Kepala Badan Standardisasi Instrumen Lingkungan Hidup dan Kehutanan KLHK Ary Sudijanto menjelaskan Indonesia memiliki lebih dari 180 spesies bambu dimana 25 spesies diantaranya telah dimanfaatkan. “Bambu menjadi bagian dari kehidupan masyarakat, juga sebagai sumber pendapatan dan kesejahteraan,” kata Ary saat membuka diskusi panel ‘Integrated Sustainable Bamboo Management for Climate Resilience: The Standards and Best Practices’ di Paviliun Indonesia pada Konferensi Perubahan Iklim COP28 UNFCCC, Dubai, Sabtu 9 Desember, 2023.

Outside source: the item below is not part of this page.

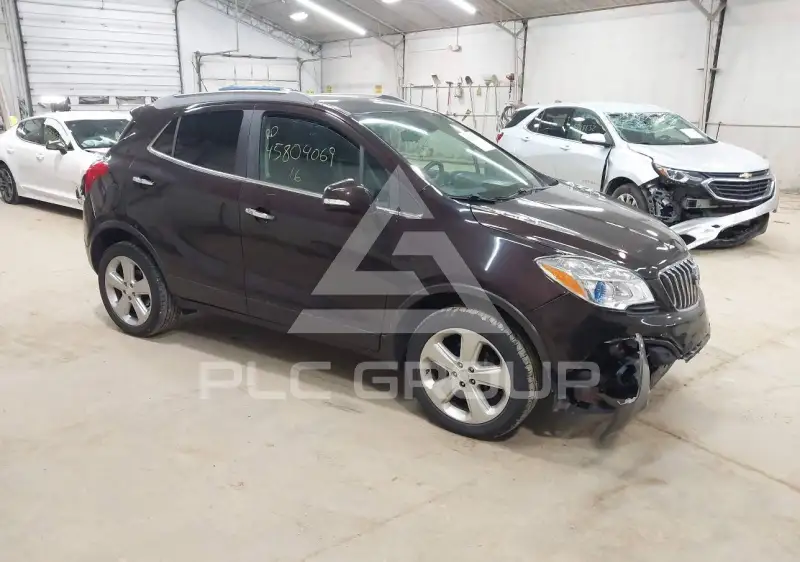 2016 Buick ENCORE photo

Bambu selain dimanfaatkan untuk kebutuhan masyarakat juga merupakan komoditas ekspor yang penting. pada periode tahun 2017-2019 nilai ekspor bambu Indonesia selalu meningkat mencapai 1,574 juta dolar AS.
Menurut Ary, permintaan bambu semakin tinggi dengan meningkatnya permintaan bambu di pasar dunia. Apalagi ditambah dengan berkembangnya teknologi dan inovasi membuat variasi produk pemanfaatan bambu semakin banyak.
Di sisi lain, lanjut dia, kesadaran akan pentingnya pengelolaan sumber daya alam berkelanjutan dan dampak perubahan iklim juga semakin tinggi. “Di sinilah peran BSI LHK untuk mendukung pemanfaatan bambu di hulu maupun di hilir,” katanya.
Ary menekankan pentingnya standardisasi untuk mendukung pengelolaan bambu berkelanjutan. Menurut dia, perlu diatur tentang norma dan spesifikasi terkait dengan pertumbuhan, pemanenan, pengolahan, dan pemanfaatan bambu.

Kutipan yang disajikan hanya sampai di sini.